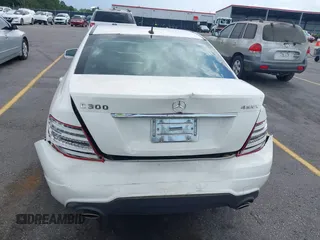 2013 Mercedes-Benz C 300 Sport with VIN WDDGF8AB8DR287316, listed as a IAAI auction lot 42645992 with 156,974 mi miles and . Bid and sale history available at DreamBid. Image 16.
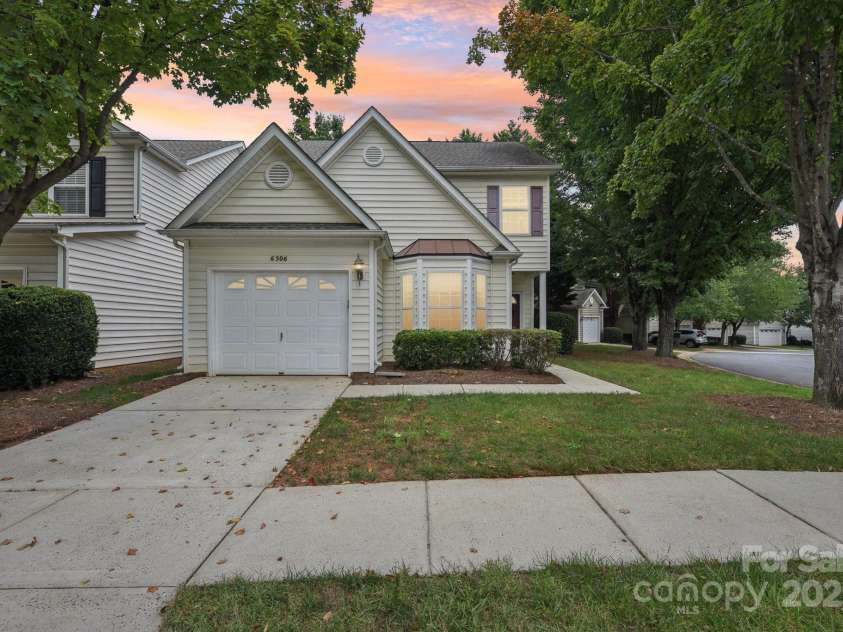 6506 Avonlea Court, Charlotte, NC 28269.  MLS# CAR4295222, YatesRealty ID 34090. 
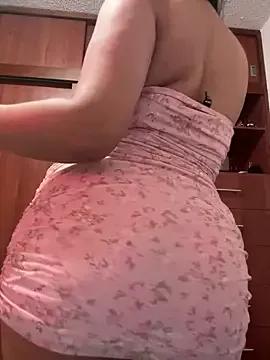Issa_Santana from StripChat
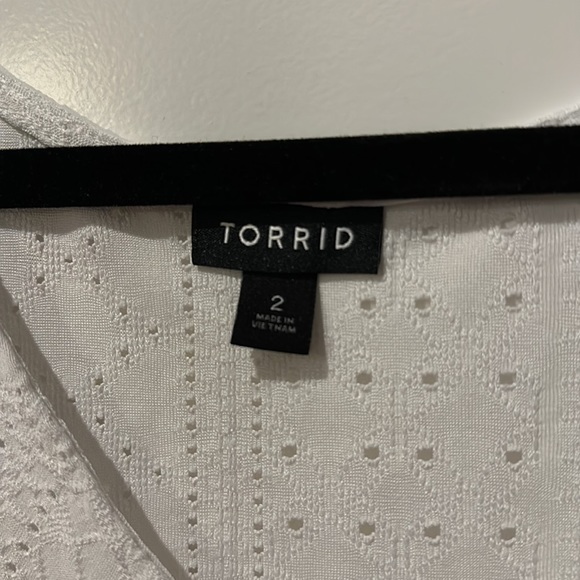 Torrid white v-neck eyelet top- size 2 - Picture 3 of 5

□ □ □ □ □ □ □

=== TASK ===
A verbatim copy of the data, pictures removed, is the expected result.

=== EXERCISE OUTPUT ===
 2013 Mercedes-Benz C 300 Sport with VIN WDDGF8AB8DR287316, listed as a IAAI auction lot 42645992 with 156,974 mi miles and . Bid and sale history available at DreamBid. Image 16.
 6506 Avonlea Court, Charlotte, NC 28269.  MLS# CAR4295222, YatesRealty ID 34090. 
Issa_Santana from StripChat
 Torrid white v-neck eyelet top- size 2 - Picture 3 of 5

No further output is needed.